While preparing for my current trip to Albuquerque I researched a list of restaurants that offered gluten-free options on their menus. I found one restaurant that was 100% gluten-free, and a couple that were GIG Certified (Certified by the Gluten Intolerance Group for safe practices). Excitedly, I printed out the list to take with me…”I’ll have a rental car so the distance from the hotel won’t be an issue” I thought to myself.
Up at 4:00am the morning of my flight, and knowing full well that airport food is deadly, I snatched a banana, my baggie of non-salted mixed nuts and a bag of pre-prepped fresh veggies from the fridg and away I went! Upon checking in at the Southwest Air curbside station the attendant politely pointed out that my license had expired. “You’ve got to be kidding me!” was my response. He said, “well there won’t be a problem with you flying.” Having gotten only an hour of sleep, the implication of an expired license didn’t occur to me until I got to the Enterprise Car Rental desk where I had reserved a full-size car for the week at an amazing rate of $169.00. After being refused a rental car by the person on duty, and their manager, I took the shuttle back to the airport then took a taxi to the hotel. The cost was $35.00. YIKES! day one of 8 Days$$$
My room at the Sheraton had a refrigerator and my plan was to take the rental car to Trader Joe’s and get some gluten-free options…ha! Now what? Day one I dined with my grandson at Bravo, an Italian restaurant in Uptown Albuquerque just a few blocks from the hotel. The gluten-free pasta was delicious but about an hour later I felt like I had eaten a whole shaker of salt! Is it any wonder Americans have an epidemic of high blood pressure and strokes? But that’s another topic for a different day.
By the fourth day of my stay I was determined to find a good gluten-free breakfast place. LaPeep sounds like a winner. I get directions from the Concierge at the hotel and head out on foot for the .75 mile trek. My waitress was a pleasant young lady who immediately brought me a GF menu. Noticing that the plantation potatoes had an asterik with a side note that they could be replaced with fruit, I asked her
if there was a cross-contamination issue with the potatoes, “are they prepared in the same fryer or on the same griddle where anything with gluten might be prepared?” “Oh no” she replied, “They are completely separate and in a big bin…they just scoop them out and there might be just a little in there but we have other people who are gluten free that order them all the time”. To which I reponded, “But not everyone who orders gluten-free is Celiac.” She shot back, “yes, but even if there’s just a little in there it won’t be a problem…we have people who order them all the time off the GF menu“.
Diagnosed Celiac in 2010, I’ve had six years to perfect what I can put in (and on) my body and what to stay away from. Whether the food itself is gluten-free, even the slightest cross-contamination causes an severe intestinal, respiratory and cardiopulmonary reaction within 30 minutes, along with an inflammation response which attacks my thyroid and heart muscle. Additionally, within 10-12 hours itchy blisters begin popping out on my skin. Not all Celiacs have both the intestinal and skin manifestation but for those who do, it is common for them to suffer for months until the gluten proteins work their way out of our bodies.

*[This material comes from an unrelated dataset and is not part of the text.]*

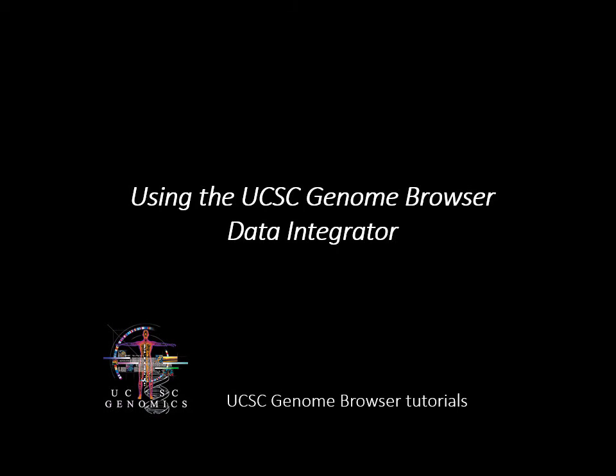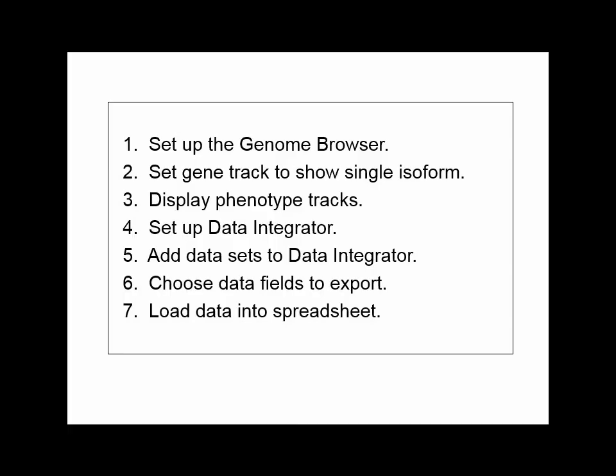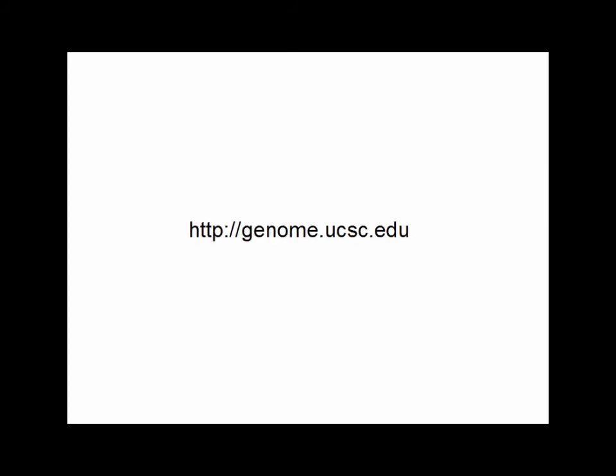In this demonstration, we will show how to get variant data from the UCSC Genome Browser tables using the Data Integrator.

So I politely thanked my waitress and let her know that the potatoes won’t work for me…I can’t take any chances. She insists, “but really, there’s only a little bit and I’m sure it won’t…”
Frustrated, I interrupted her, “Please stop…you are not listening to me…I cannot take the chance and trust me, it IS a problem for anyone with Celiac”. The manager happened to be at the table behind us and immediately stepped in to warn me NOT to order the potatoes because they are definitely cross-contaminated (and golly gee… that’s why the notation is on the menu). The manager quickly escorted the waitress to the kitchen where I’m sure he explained how to deal with this type of situation in the future.
But there was a happy ending …in the form of an absolutely mouth-watering, fluffy gluten-free Belgium waffle with strawberries and whipped cream! I added a egg over-easy for protein and was a happy camper.
To wrap it up for this post, here are a few tips:
1.) Celiac or not, at least 3 weeks before traveling always check to be sure your driver’s license has not expired!!
2.) Celiacs must be diligent in probing and asking questions when dining out, as this is an auto-immune, not an allergy. Gluten presents as a foreign object and the body begins to attack itself. Because the body cannot process the gluten proteins, it sometimes takes months for the body to expel them, and until such time the health of the person can be heavily compromised.
3.) In the world of a Celiac “just a little” gluten equates to “just a little” arsenic….it’s truly poison and it doesn’t take much.
Thanks for taking the time to read my blog and if anything you’ve read helps just one person it was worth my precious vacation time to sit down and put it in writing!